> _Exercise aim_: Your reply must hold the lines from the one containing "F8a forecast capital expenditure by activity" to the end of the entries, copied exactly, with pictures excluded.

[Saved data entries]
=== Section Start ===

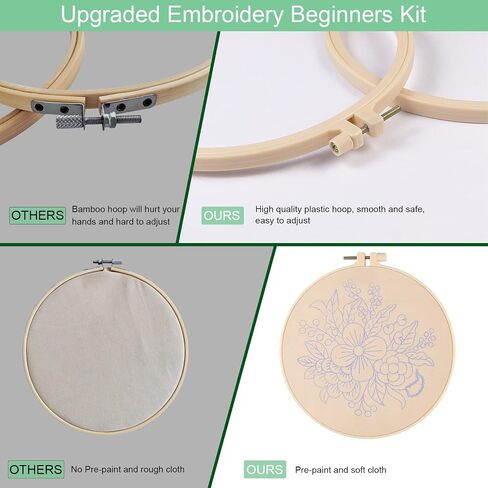 chfine 3 Sets Embroidery Stitches Practice Kit, Embroidery Kit for Beginners Adults, Embroidery Starter Kit Stamped Cross Stitch Sets Beginners Embroidery Kit with Instructions & Tools in Saudi Arabia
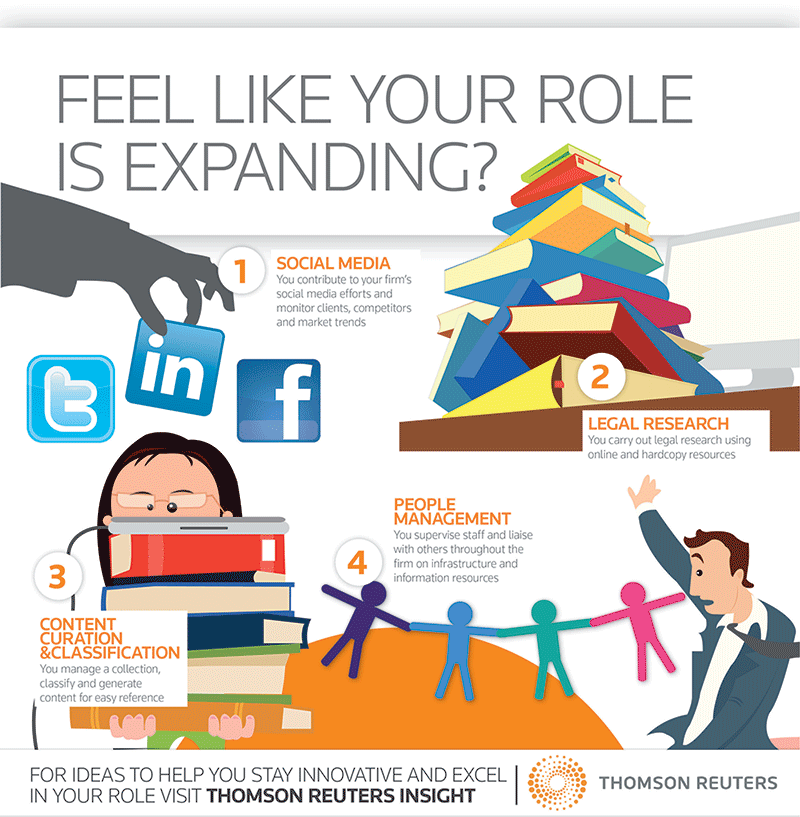 800x817 Ever Expanding Role Of A Modern Legal Librarian (Infographic)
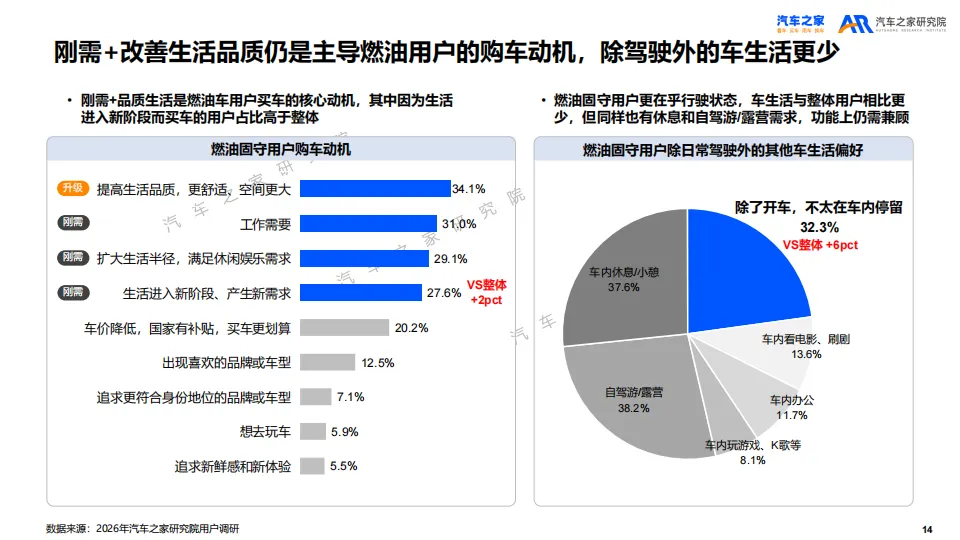 【报告】2026年乘用车市场用户趋势洞察(附35页PDF文件下载)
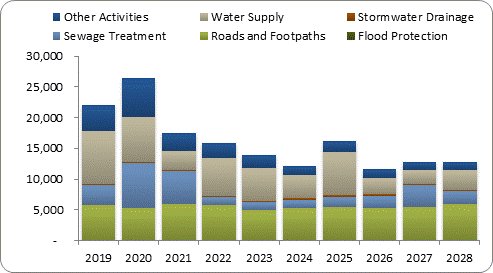 F8a forecast capital expenditure by activity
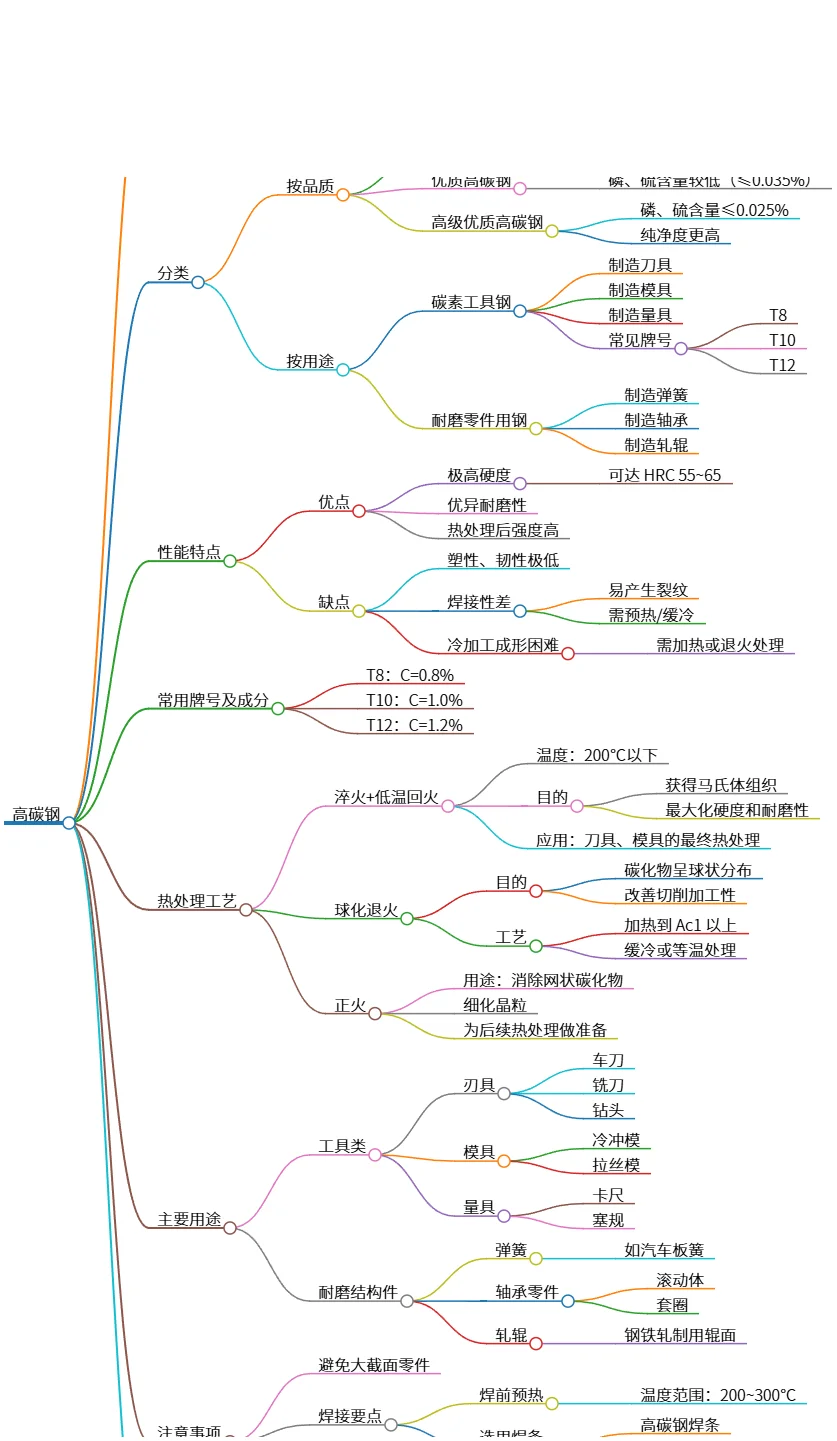 高碳钢的定义、分类、性能特点及应用分析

=== Section End ===

> _Your response_:
 F8a forecast capital expenditure by activity
 高碳钢的定义、分类、性能特点及应用分析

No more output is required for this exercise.